** Exercise data follows **

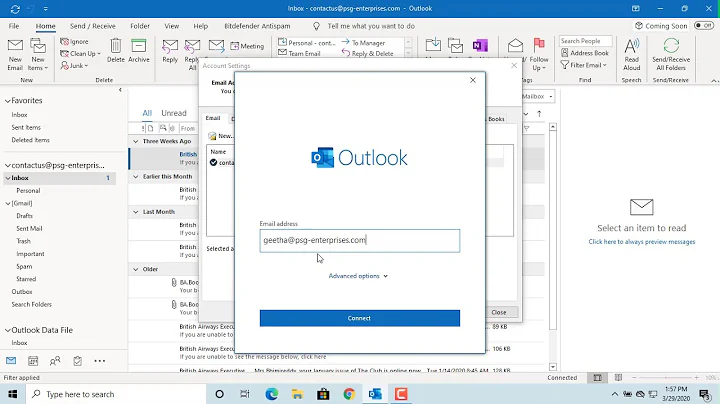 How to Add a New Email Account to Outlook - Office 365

** End of Exercise data **
** Exercise data follows **

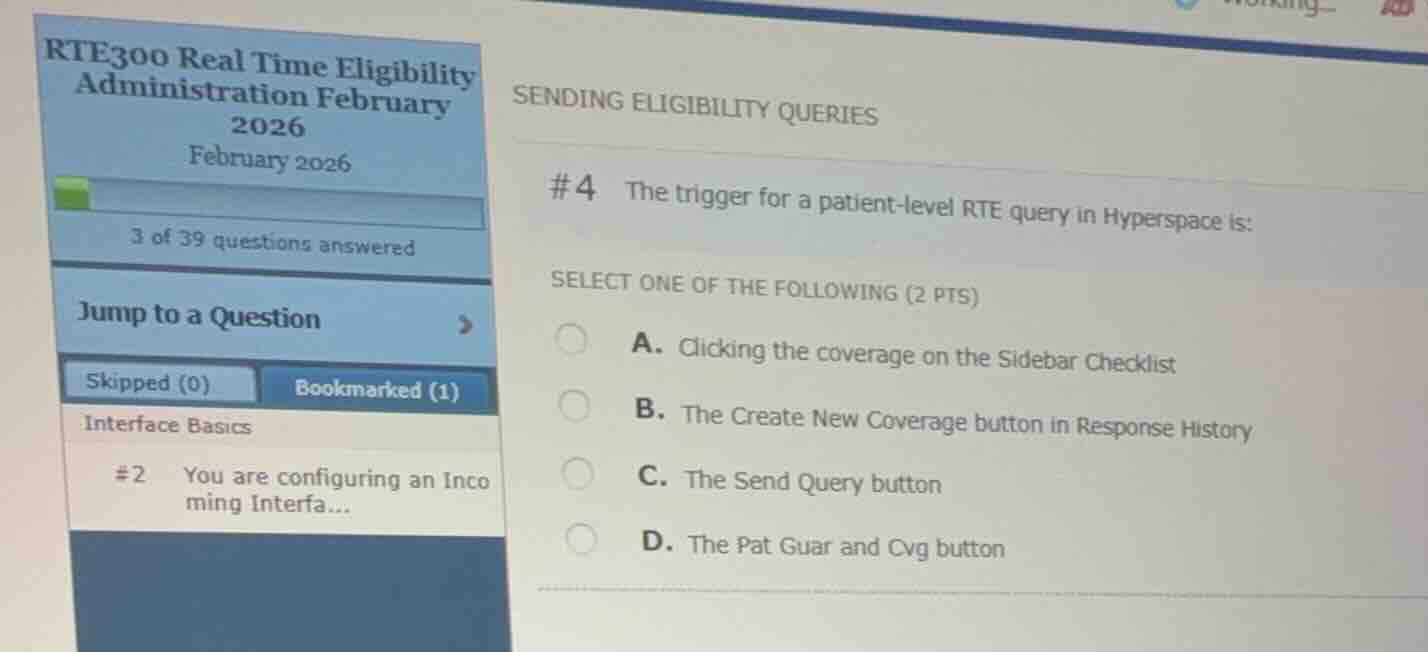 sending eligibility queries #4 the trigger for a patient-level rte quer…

** End of Exercise data **
** Exercise data follows **

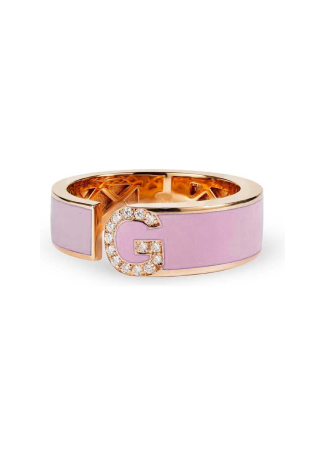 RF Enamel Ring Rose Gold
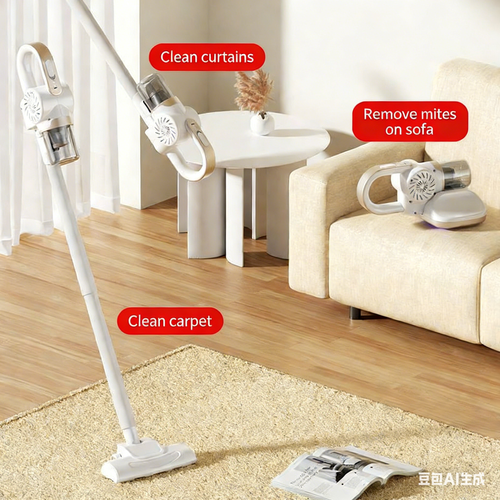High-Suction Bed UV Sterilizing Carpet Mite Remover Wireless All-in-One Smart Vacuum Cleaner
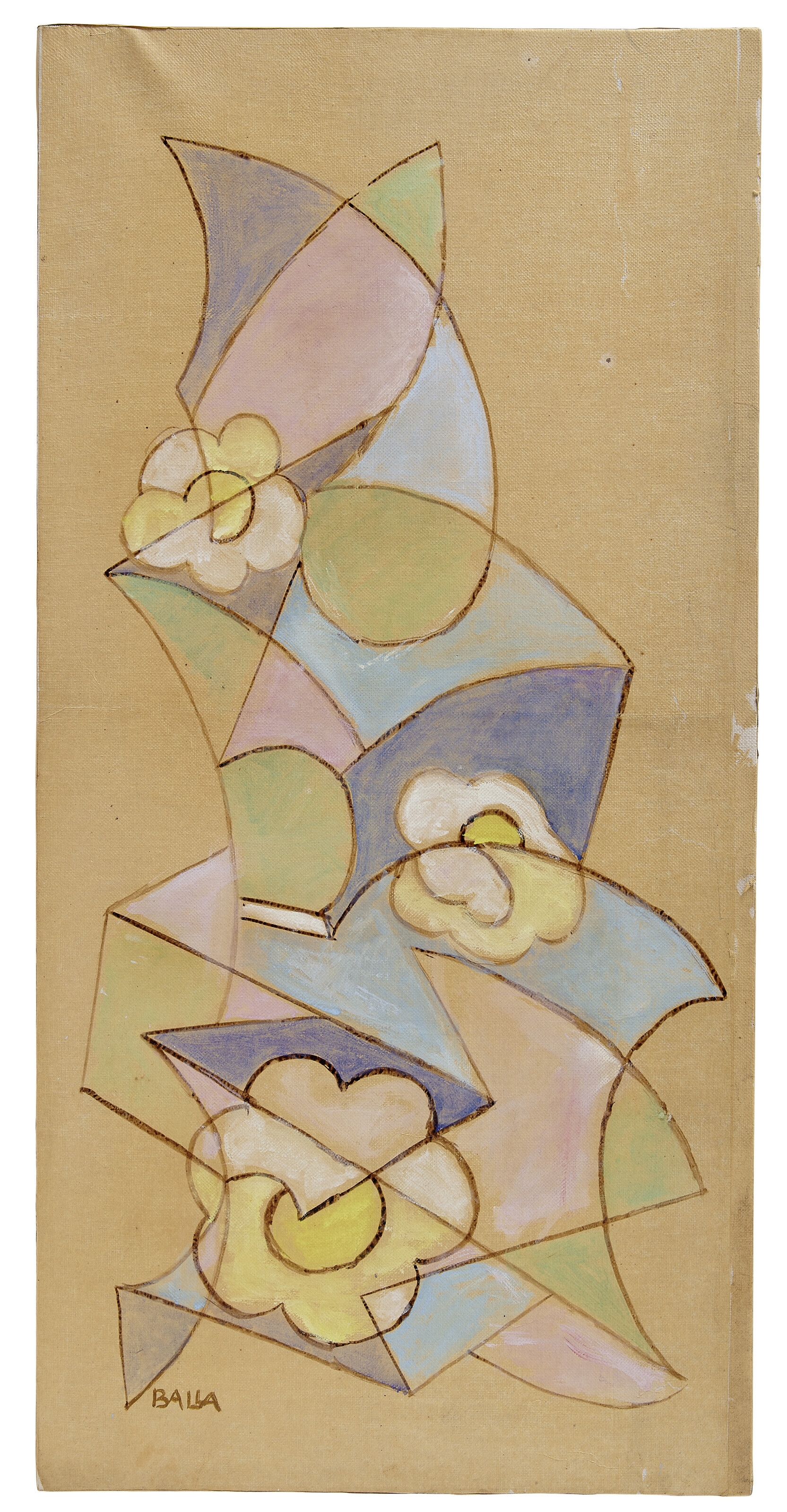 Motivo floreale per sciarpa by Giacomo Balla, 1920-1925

** End of Exercise data **

Each line between the one holding "RF Enamel Ring Rose Gold" and the one holding "Motivo floreale per", inclusive, should be copied exactly as it appears above, and pictures should be omitted.

• **Written answer**
 RF Enamel Ring Rose Gold
High-Suction Bed UV Sterilizing Carpet Mite Remover Wireless All-in-One Smart Vacuum Cleaner
 Motivo floreale per sciarpa by Giacomo Balla, 1920-1925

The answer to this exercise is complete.